So, 30% of British adults thought that the observed passage of the sun in the sky meant that our star obligingly whizzed round us. 16% imagined it did so once a day, as per visual observation of the same apparent phenomenon. More recent findings gratefully received.
If I concentrate on matters involving events observable to our ancestors, and avoid calendrical calculations, science education websites show that popular misconceptions still include the following: that the phases of the moon are caused by the moon going into and out of the earth’s shadow; that the moon has a side which is in perpetual darkness; that the moon does not rotate; that the phases of the moon are completed in exactly the number of days it takes to completes its orbit of the earth; that the moon is somehow larger on the horizon than when it is high in the sky; that the four seasons are the result of the changing distance from the sun; and that heavier objects fall faster than lighter objects.
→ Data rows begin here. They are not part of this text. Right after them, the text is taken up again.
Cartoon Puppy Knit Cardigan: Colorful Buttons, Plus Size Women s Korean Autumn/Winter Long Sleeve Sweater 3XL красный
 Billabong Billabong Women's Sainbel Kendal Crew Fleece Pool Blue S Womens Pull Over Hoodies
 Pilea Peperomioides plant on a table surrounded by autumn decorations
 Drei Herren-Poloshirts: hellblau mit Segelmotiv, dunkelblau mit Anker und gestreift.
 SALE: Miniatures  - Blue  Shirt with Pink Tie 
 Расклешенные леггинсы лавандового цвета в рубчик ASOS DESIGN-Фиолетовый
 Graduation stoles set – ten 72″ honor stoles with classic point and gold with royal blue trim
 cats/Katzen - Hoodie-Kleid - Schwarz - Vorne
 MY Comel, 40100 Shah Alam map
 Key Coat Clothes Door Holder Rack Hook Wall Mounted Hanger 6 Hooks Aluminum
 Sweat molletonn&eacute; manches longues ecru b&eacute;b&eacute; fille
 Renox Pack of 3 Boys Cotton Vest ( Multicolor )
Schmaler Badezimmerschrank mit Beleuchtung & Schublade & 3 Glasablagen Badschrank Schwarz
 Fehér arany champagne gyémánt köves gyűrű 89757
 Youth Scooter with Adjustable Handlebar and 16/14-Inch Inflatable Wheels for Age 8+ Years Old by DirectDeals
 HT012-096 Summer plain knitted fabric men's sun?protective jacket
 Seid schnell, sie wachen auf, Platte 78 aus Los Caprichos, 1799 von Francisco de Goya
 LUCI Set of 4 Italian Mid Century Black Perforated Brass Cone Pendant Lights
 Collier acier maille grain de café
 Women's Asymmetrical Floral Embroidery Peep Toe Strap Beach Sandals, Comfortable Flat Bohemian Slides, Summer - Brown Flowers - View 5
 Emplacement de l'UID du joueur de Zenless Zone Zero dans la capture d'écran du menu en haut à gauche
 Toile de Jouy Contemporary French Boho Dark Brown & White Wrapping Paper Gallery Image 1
I know that we no longer live on the land, and therefore are more distant from nature, and from the peregrinations of the sun and moon. I know that ignorance about astronomy is very largely a matter of education, but it is likely also that some education has been given but was not retained, because egocentric observation is deemed sufficient by many people. I know that I can make errors, and that many people make errors in simple Newtonian physics (imagining that if you drop an object when running it will describe an arc backwards to the ground, not forwards to the ground). I know all this, but if we were really getting brighter over the last two centuries we would be able to work out much of this for ourselves, as Eratosthenes worked out the circumference of the world when he heard a casual remark about a well to the south of Alexandria where on one particular day of the year the sun shone down to the very bottom of the well.
Just for amusement, here are some Northern hemisphere university graduates explaining the astronomical causes of seasonal variations.
Here are some popular misconceptions tracked down and explained.
So, these were some thoughts whilst watching the super-moon lunar eclipse last night, among the blazing street lights of urban London. If by some magical process Eratosthenes had stood next to me I am sure that I would have best served him only by listening to him attentively.